Klobuchar urged to use recovering addicts in opioid fight
After sitting quietly for more than an hour, Tiffany Hunsley broke her silence from the back of the room. Her emotional words hit home.
During Wednesday's public forum organized by Sen. Amy Klobuchar, the founder of Recovery is Happening urged law enforcement officials, medical specialists and politicians to lean on people like her to combat the opioid epidemic. With most of the 50-plus member crowd nodding along, she passionately argued that recovering addicts should be considered part of the solution as the nation searches for answers amidst thousands of overdose deaths.
"We are ready to take action even after doors are shut right in our face," Hunsley told the seven member panel, which included Olmsted County Sheriff Kevin Torgerson and two experts from Mayo Clinic.
"We're not allowed in schools. We're not allowed in hospitals," she said. "Now, some of those barriers are starting to be removed. We, the recovery community, are the solution."
Mayo Clinic physician Casey Clements was among those who praised Hunsley's idea, calling it "the next wave" in the fight to combat opioid addiction, which claimed more than 600 lives across Minnesota in 2016. Two panelists — Steve Coddington, of Common Ground, and Phillip Rutherford, of Faces and Voices of Recovery — were among many in attendance who could fit that bill.
Klobuchar wasn't in attendance, but members of her staff are on a two-day tour of the state to gather information and ideas about how to combat the opioid crisis. They held meetings Wednesday in Eagan, Faribault and Rochester. Today, meetings are planned for Mankato, New Ulm and Litchfield.

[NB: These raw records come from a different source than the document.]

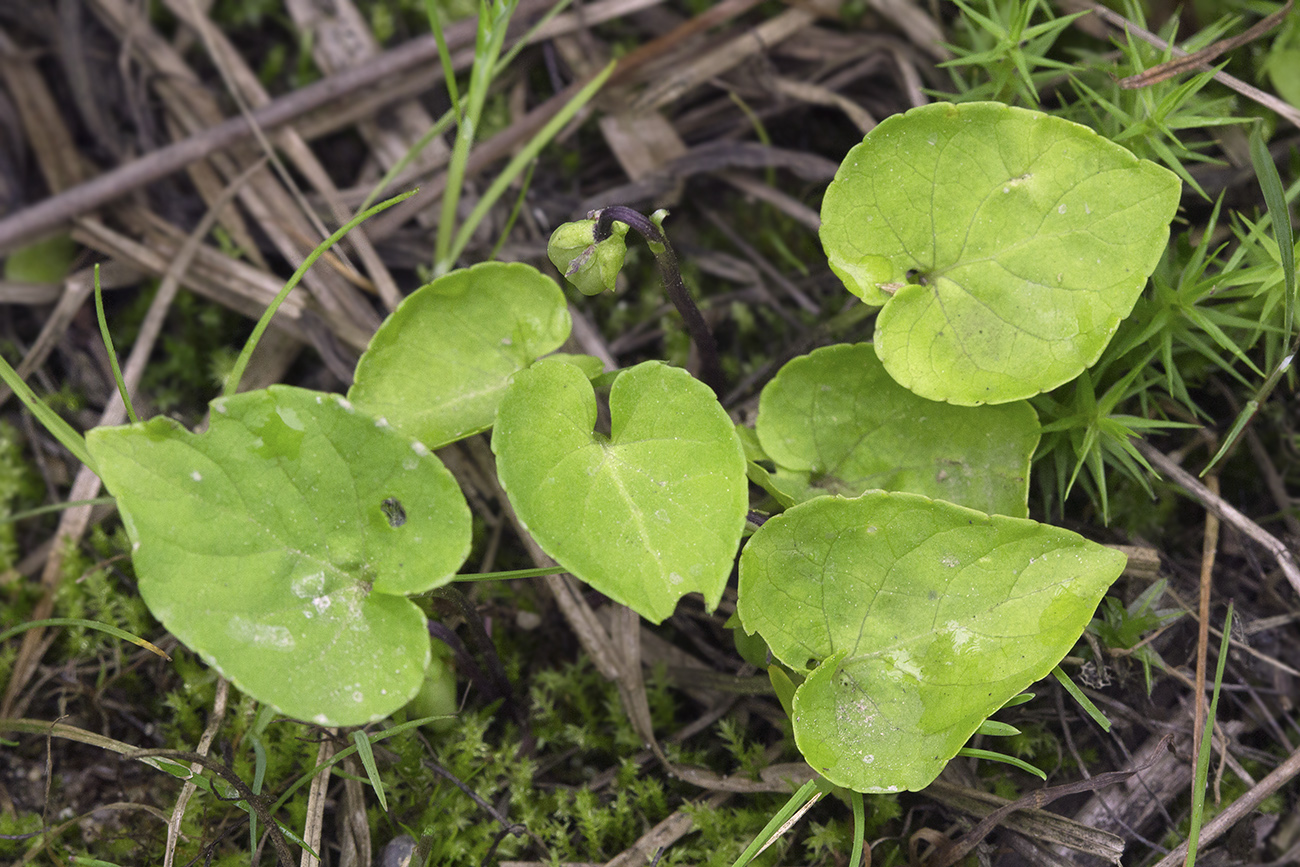 Изображение особи Viola epipsiloides.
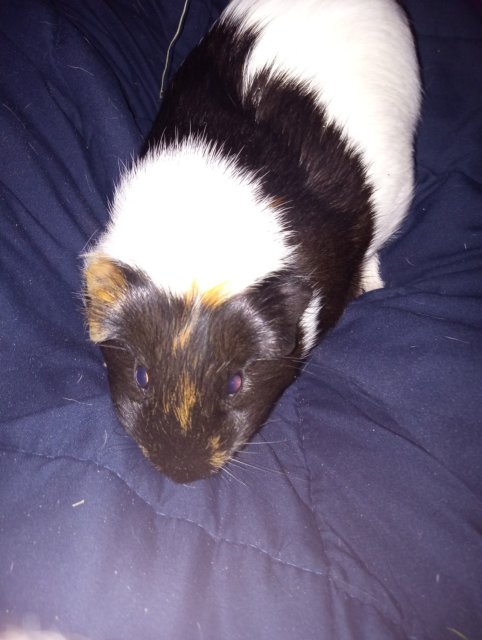 Rehoming three female Guinea Pigs.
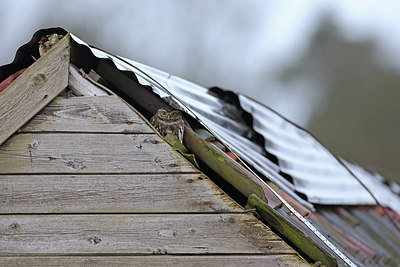 BUITEN BEELD Foto: 275016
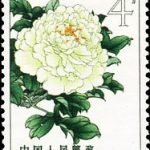 1964-S61 (15-2), Peonies, 4 fen, 26.5x36 mm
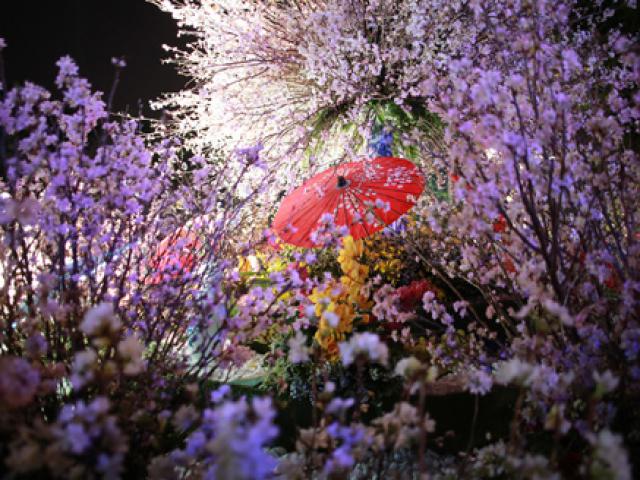 Tin tức trong ngày - “Sứ giả” xinh đẹp của Nhật Bản khoe sắc trong đêm hội khai mạc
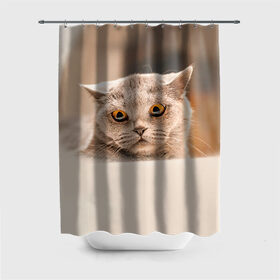 Штора 3D для ванной с принтом Британец 7 в Екатеринбурге, 100% полиэстер | плотность материала — 100 г/м2. Стандартный размер — 146 см х 180 см. По верхнему краю — пластиковые люверсы для креплений. В комплекте 10 пластиковых колец | Тематика изображения на принте: британец | британская | британцы | кот | котенок | котик | котэ | кошка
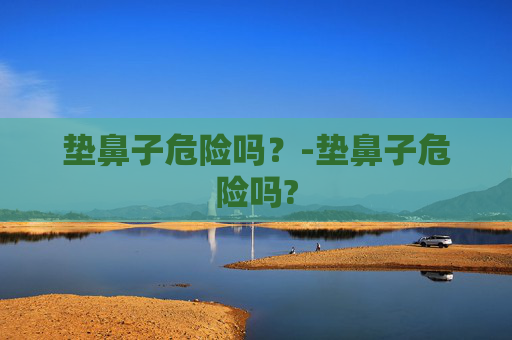 垫鼻子危险吗？-垫鼻子危险吗?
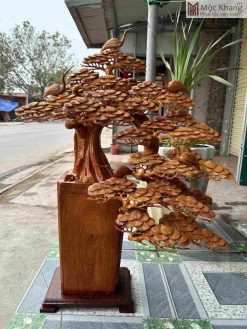 Cây Tùng Bonsai Gỗ Hương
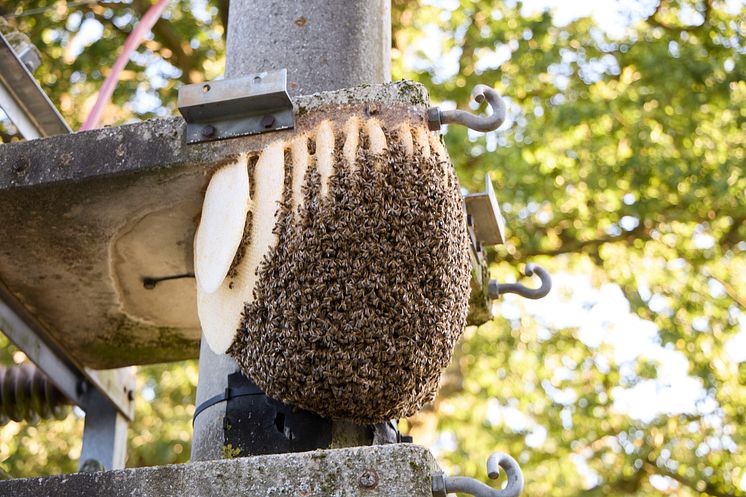 20241022_Umsiedlung Bienenstock_2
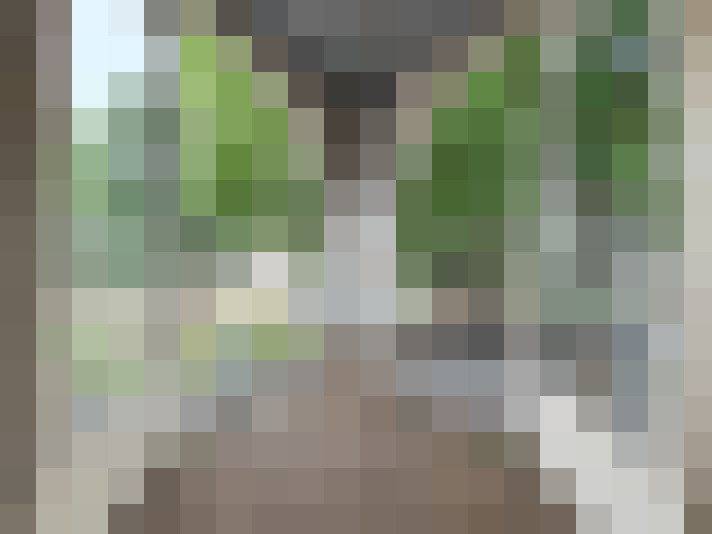 Image 16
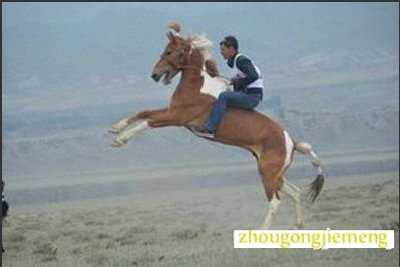 梦见骑着马奔跑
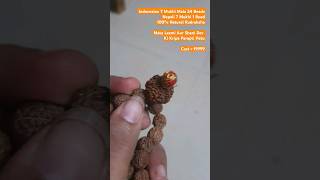 7 Mukhi Rudraksha Mala #shorts #7mukhirudraksha #rudraksha #rudrakshabenefits #rudraksh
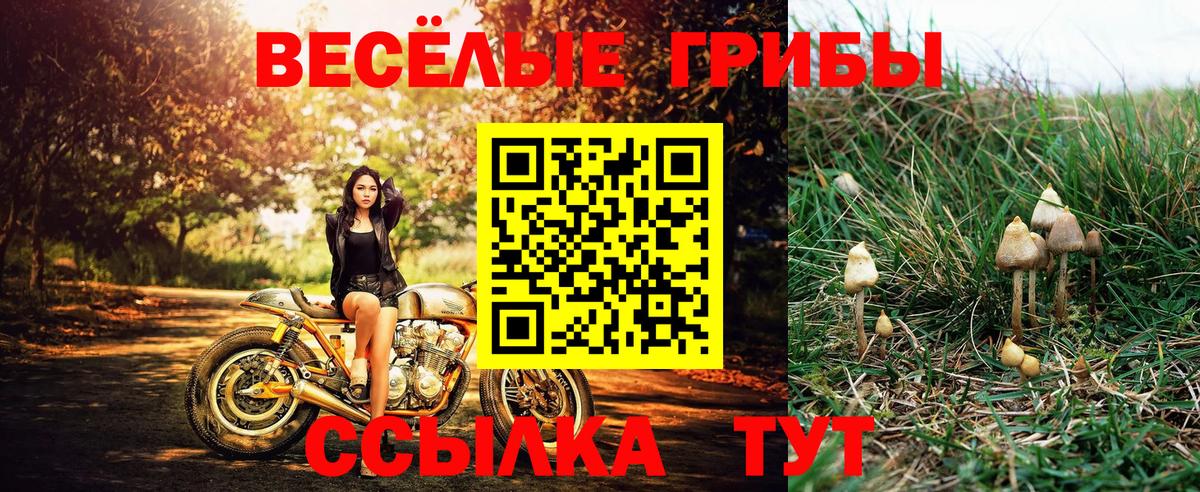 Галлюциногенные грибы Psilocybe  Галлюциногенные грибы ЛСД  Вход с VPN  Сальск 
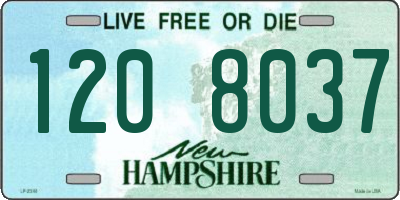 NH license plate 1208037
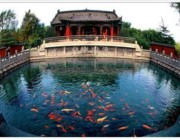 章丘明天天气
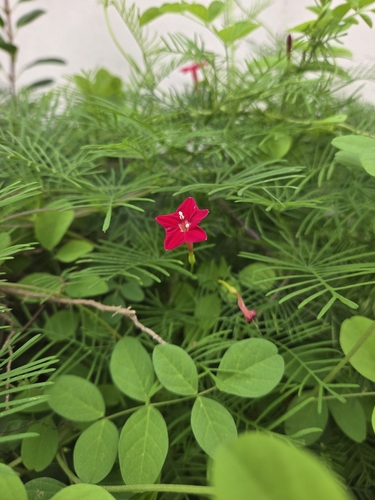 Cypress Vine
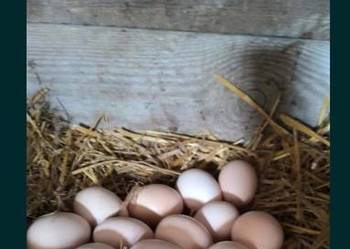 Jajka wiejskie 8zł-10sztuk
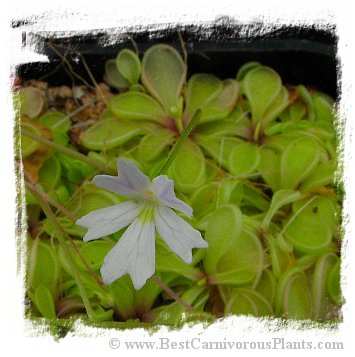 Pinguicula emarginata {white flower with reduced veins, small rosette} / 1+ plants *BCP Import*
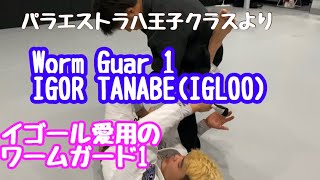 パラエストラ八王子クラスより イゴール・タナベ(igloo) ワームガード1 Worm Guard1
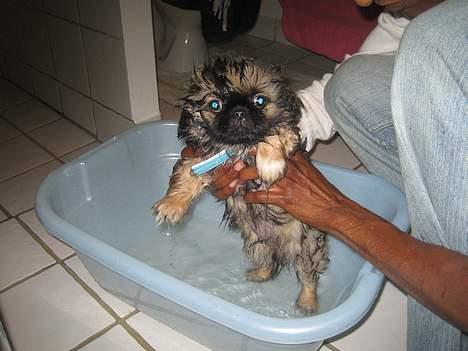 Pekingeser Gizmo - I bad for første gang, ulækkert synes Gizmo. billede 8
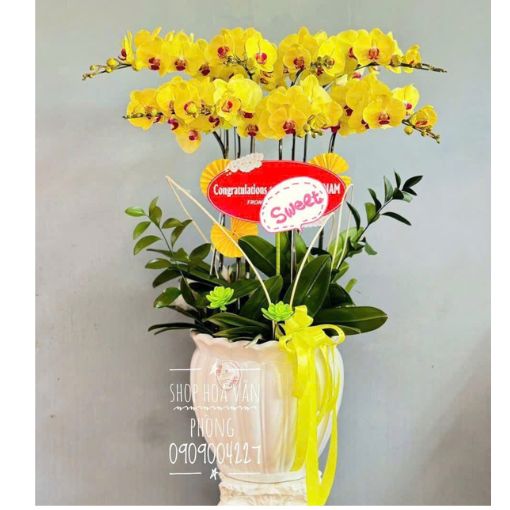 Chậu Lan Hồ Điệp 8 Cành Hoàng Kim Thịnh Vượng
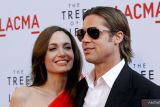 Brad Pitt gugat Angelina Jolie karena jual saham tanpa izin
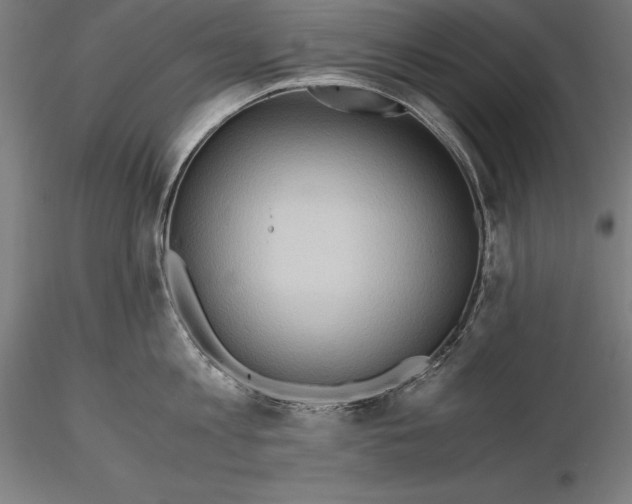 X0000115480813200912040951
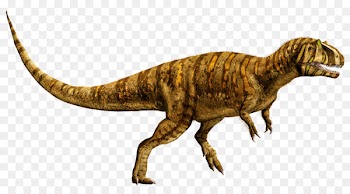 Metriacanthosaurus Tyrannosaurus Universal Pictures Suchomimus Dimorphodon - dinosaur 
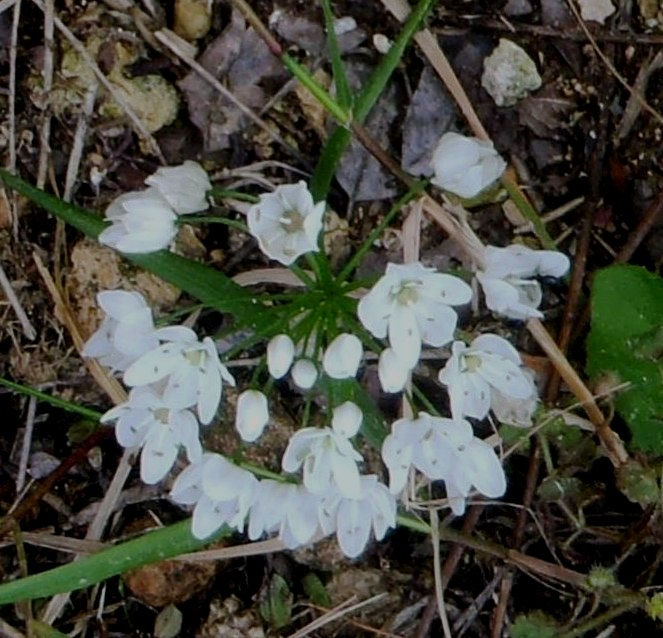 Allium neapolitanum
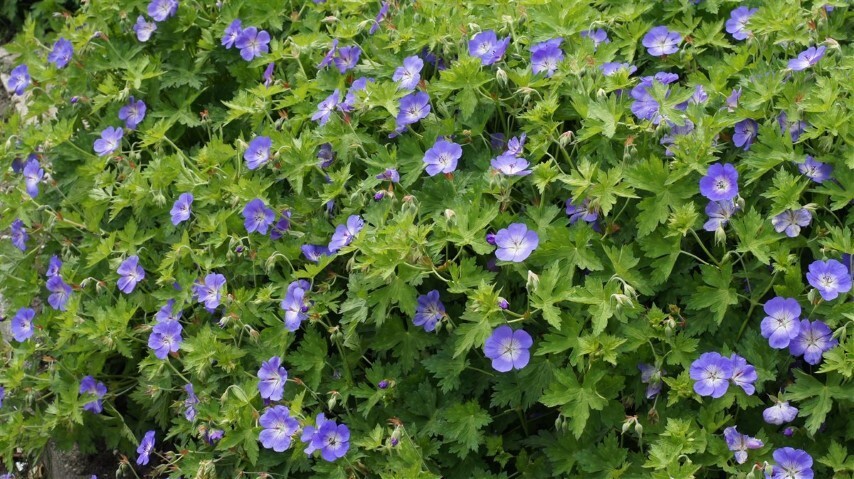 Geranium hybrid 'Rozanne'®, Storkenæb C1,0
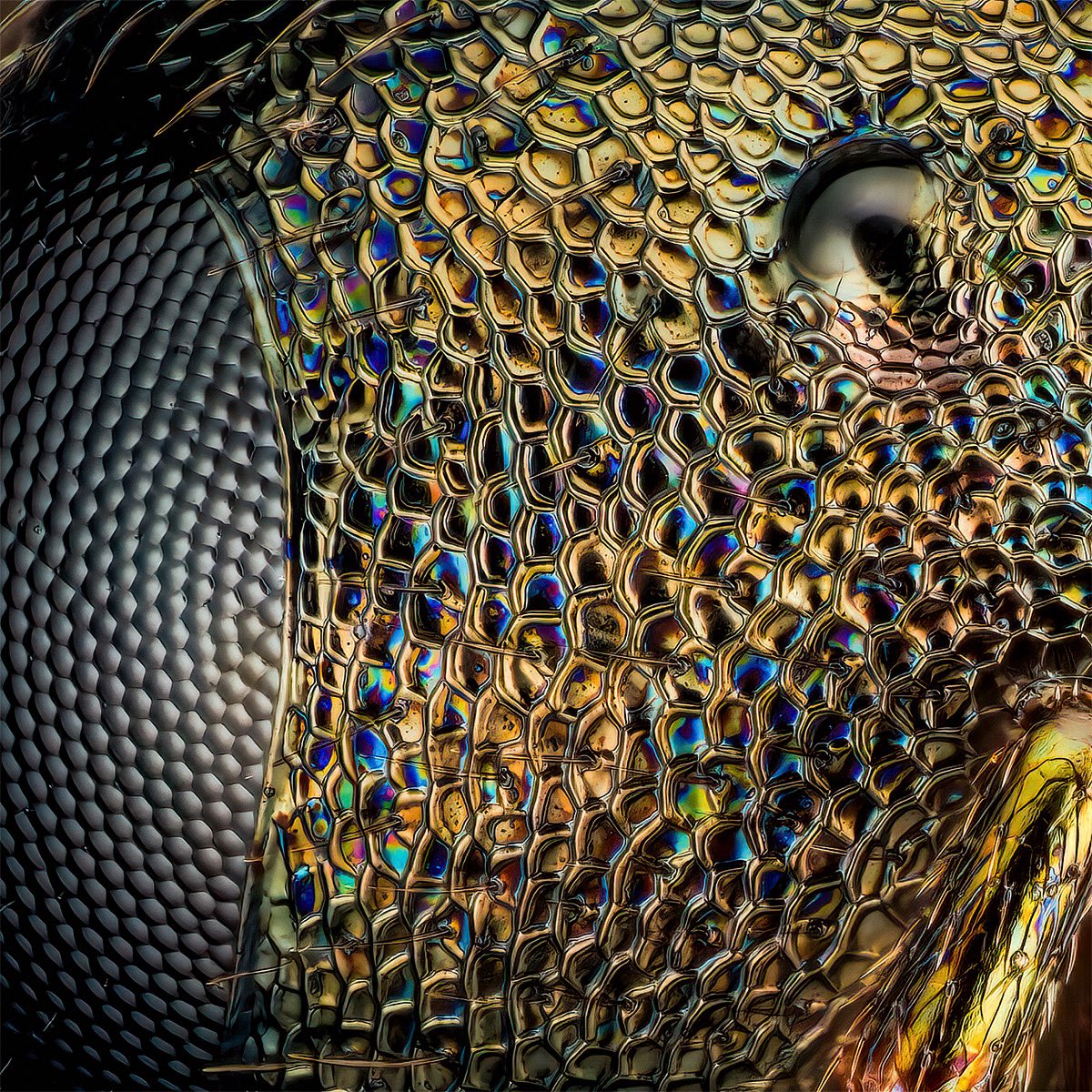 🇬🇧Head of a small chalcid wasp at scale of 50:1. On the left you can see part of the compound eye, on the right an ocelle and at the bottom right part of the antenna.

🇩🇪 Kopf einer kleinen Erzwespe bei einem Maßstab von 50:1. Links sehringen einen Teil des Komplexauges, rechts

Klobuchar was one of four senators to lead the Comprehensive Addiction and Recovery Act in 2016, and her support for the 21st Century Cures Act helped Minnesota secure $5 million earlier this year to support prevention, treatment and recovery services. She and others are now pushing the LifeBOAT Act, which would establish reliable funding to support and expand access to substance abuse treatment.
"We don't want to keep our heads in the sand or looking out the window at our Capitol (for help)," Klobuchar said in a pre-recorded video that kicked off the meeting. "Let's get on it."
Coddington, who used to work at Fountain Centers in Albert Lea, said there's still a harmful stigma around addiction. Because it affects roughly 10 percent of the population, he thinks addiction should be viewed similarly to cancer.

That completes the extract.